George Will bashed “Blue” America, ignored the facts

In a May 9 Washington Post column about political analyst Michael Barone's new book, Hard America, Soft America: Competition vs. Coddling and the Battle for the Nation's Future, columnist George F. Will argued that Democratic-leaning “blue” states are less accountable, competent, and productive than Republican-leaning “red” states:

... Barone says, “Hard America plays for keeps: The private sector fires people when profits fall and the military trains under live fire.” Soft America depends on the productivity, creativity and competence of Hard America, which protects the country and pays its bills. ...

[T]he second half of the 1960s brought the Great Softening -- in schools and welfare policies, in an emphasis on redistribution rather than production of wealth and in the criminal justice system. ...

Barone believes that promotion of competition and accountability -- hardness -- is the shared theme of President Bush's policies of educational standards, individual health accounts, Social Security investment accounts and lower tax rates to increase self-reliance in the marketplace. Barone's book is a guide to electoral map reading: The blue and red states have, respectively, softer and harder sensibilities.

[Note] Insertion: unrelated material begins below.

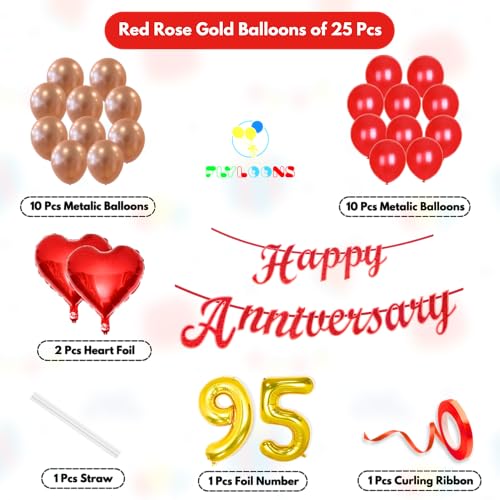 Image of Flyloons 95th Happy Anniversary Decoration Items Red Rose Gold for Men Women Husband Wife Mom Dad Parent Couple Home Bedroom Car With 20 Pcs Metallic Balloons Anniversary Banner 2 Pcs Heart Set Kit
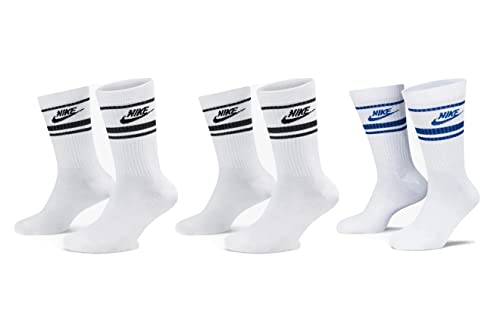 Nike 9 Paar Everyday Essential Tennissocken Socken Sportsocken Unisex DX5089 Prime, Farbe:2x Weiss - Schwarz / 1x Weiss - Blau, Socken Neu:38-42 von Nike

Will's assumption ignored recent data showing that it is actually blue states (states that former Vice President Al Gore won in 2000) that subsidize red states (states that President George W. Bush won in 2000). An August 2003 report by the Tax Foundation -- a nonpartisan, nonprofit organization that monitors fiscal policy at the federal, state, and local levels -- compared the federal tax burden in each state with the flow of federal funds back to that state for fiscal year 2002. As former Gore speechwriter Daniel H. Pink pointed out in a January 2004 New York Times op-ed citing the Tax Foundation report, out of the 33 states that received more in federal spending than they contributed in federal taxes (what Pink calls “taker” states), Bush won 25. Out of the 16 states that paid more in federal taxes than they received in federal spending (what Pink calls “giver” states), Gore carried 12.